### Data section ###
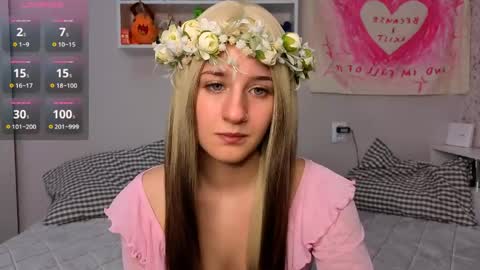 Cassie online show from 05-12-26, 05:32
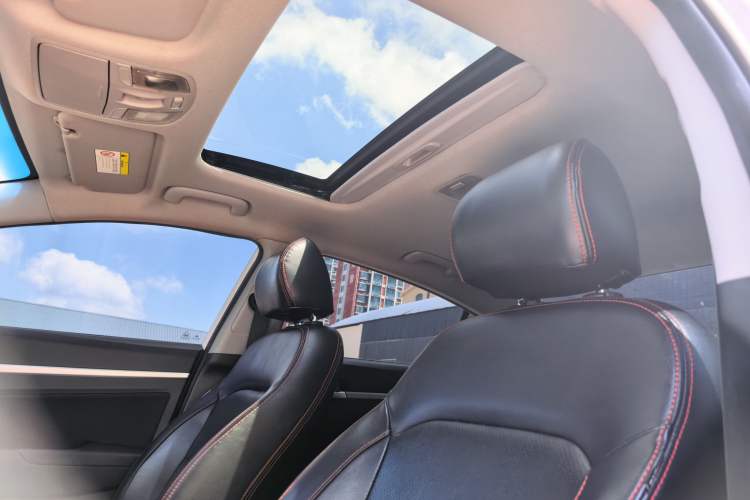 Used Hyundai Elantra (6th Generation / Lingdong) 2016 1.6L Automatic ZhiXuan – Elite Version Headliner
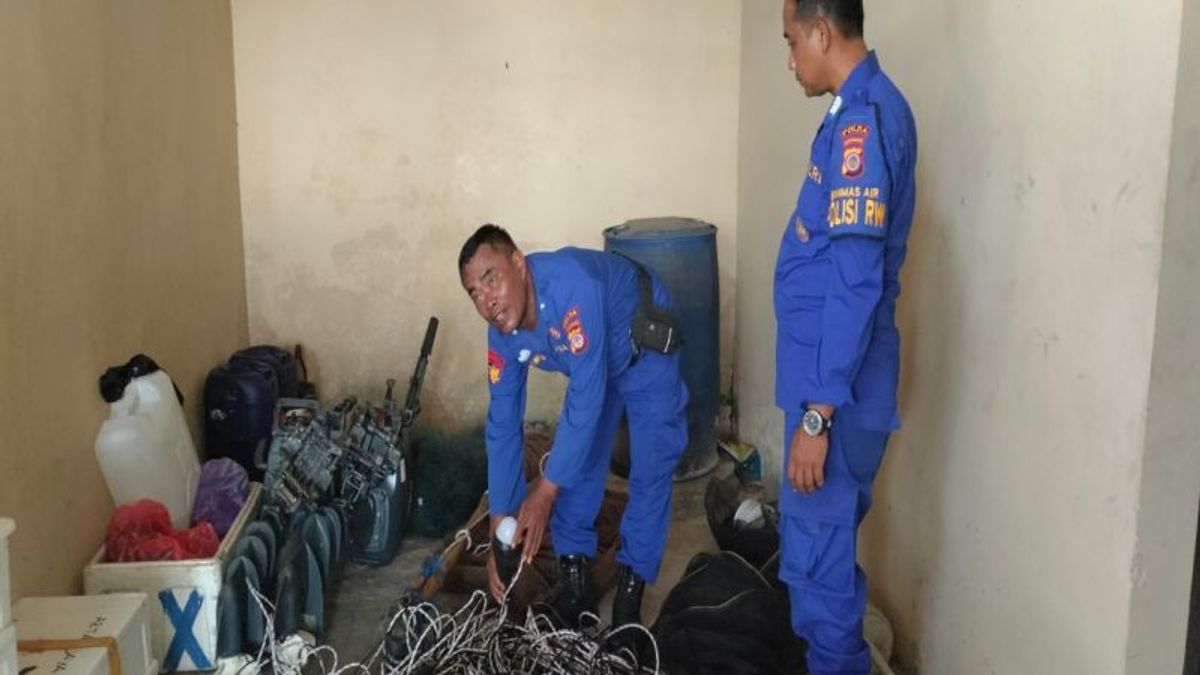 Attrapant des graines de Lobster sans permis dans les eaux de Kulon Progo, 2 pêcheurs locaux capturés par des appareils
###
*The problem*: Where an image appears in the data, skip it, and return the rest verbatim.

*Answer*:
 Cassie online show from 05-12-26, 05:32
 Used Hyundai Elantra (6th Generation / Lingdong) 2016 1.6L Automatic ZhiXuan – Elite Version Headliner
 Attrapant des graines de Lobster sans permis dans les eaux de Kulon Progo, 2 pêcheurs locaux capturés par des appareils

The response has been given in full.